We come to the question of offices against homes. I have heard the Housing Minister—who, incidentally, is an MP in the next borough, and I suspect would be saying different things were he still a Croydon councillor —say that the need for more homes overrides all the permitted development right problems. I understand why a Housing Minister, charged with an ambitious target—which we all accept and wish him every success with—might say that, but it is not good enough for us as legislators. We want not just more homes but more of the right sort of homes in the right places, meeting the demand with the highest possible quality of design and sustainability.
That is not what is happening in any of those respects under the PDR office-to-homes conversions in town and district centres. The designs are poor and the housing provision is not at all what is needed in the area. It is largely providing one-bedroom or studio accommodation as pied-à-terres, with no contribution to the local community—certainly none to the local economy, or indeed the council.
More importantly, particularly in London, it is making absolutely no contribution to affordable housing. In my view, that is the biggest effect in London—not just in my borough but right across London and, I am sure, in other parts of the country. It is making no contribution to affordable housing. It may just help with the number count, but not with the actual demand for the homes that people need in places where they need them—where their children can go to good schools and where they can obtain good employment.

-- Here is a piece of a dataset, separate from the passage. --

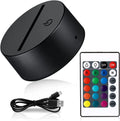 3D Night LED Light Lamp Base 16 Color LED Light Display Base with Remote Control USB Cable Christmas Light Lamp Base for Acrylic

This is having a very serious effect. I know it is not the case in all parts of the country—our debate on the then Housing and Planning Bill was replied to by the former leader of Trafford Council in Greater Manchester, and she said that the conversion from office to residential was having a beneficial effect in that part of the world. That is good and I welcome it, but surely we should recognise that different places have different requirements. We used to call it localism, but I think that that is no longer the buzzword. Is it not common sense that local authorities should have the power to determine what is necessary in their area? If conversion of redundant offices to residential use is desirable—I would say, with sufficient safeguards to ensure that it is the right sort of residential development, which ought to apply everywhere—it must be a good thing, but in outer London, generally in London and in other cities, it is having a devastating effect and really should not be allowed to continue. That is why I am happy to support either or both of these amendments.